Polémique après l’expulsion de l’imam Mahjoubi de France vers la Tunisie

« Je suis un bouc émissaire. J’ai été un choix politique pour montrer que la loi immigration fonctionne, c’est incontestable », a réagi le concerné sur France Bleue depuis le gouvernorat de Nabeul (Tunisie) où il est arrivé vendredi. Mahjoubi a fait part de sa détermination à se défendre devant la justice française.

Aurélien Lecoq, co-animateur des Jeunes Insoumis, a indiqué sur CNews qu’il trouvait « hallucinant » le fait que Gérald Darmanin « décide de tout, tout seul depuis Beauvau ».

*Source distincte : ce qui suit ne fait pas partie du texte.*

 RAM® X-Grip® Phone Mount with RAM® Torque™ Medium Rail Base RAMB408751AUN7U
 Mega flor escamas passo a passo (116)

Selon lui, il fallait laisser la justice faire son travail et « la justice ce n’est pas Gérald Darmanin ».

La décision ne passe pas aussi chez certains pour le « deux poids, deux mesures » qui la caractérisent.

La Psychologue Fanny Bauer-Motti a estimé sur X que cette « énième polémique stigmatisante » souligne l’ « incapacité française à entendre l’autre dans ce qu’il est et non dans ce qu’il représente ».

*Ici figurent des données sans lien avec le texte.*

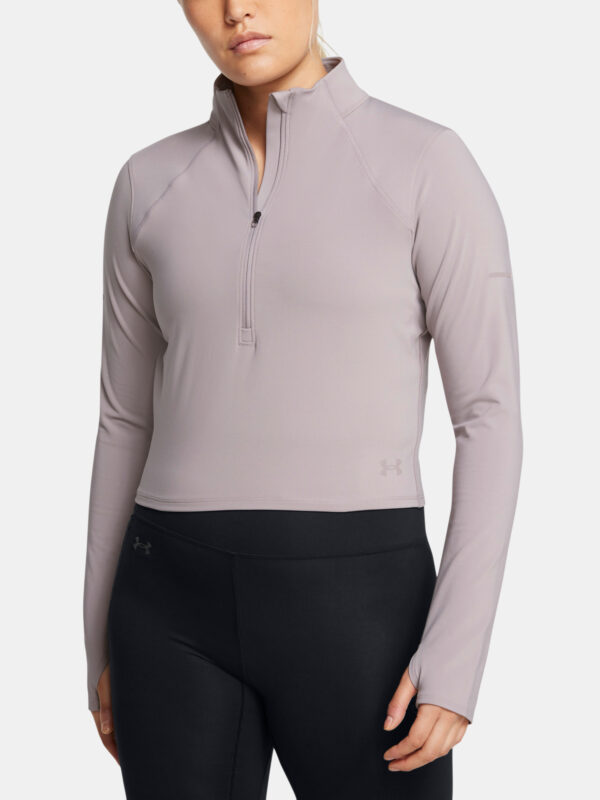 Under Armour Women's T-shirt UA Launch Elite Half Zip - Women's Under Armour Women's T-shirt UA Launch Elite Half Zip - Women's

Selon elle, les mêmes propos, s’ils avaient été tenus par d’autres, n’auraient pas soulevé autant de vagues.

La page Debunker News, toujours sur X, va droit au but et partage des vidéos de propos autrement plus graves tenus par des représentants de la communauté juive en France. Comme celle où le rabbin David Touitou qualifiait la France de pays « pourri » d’où « peuvent sortir les plus grandes pourritures de l’histoire de l’humanité ». « Où vous n’agissez que lorsqu’il s’agit d’Islam ? », s’interroge l’administrateur de la page.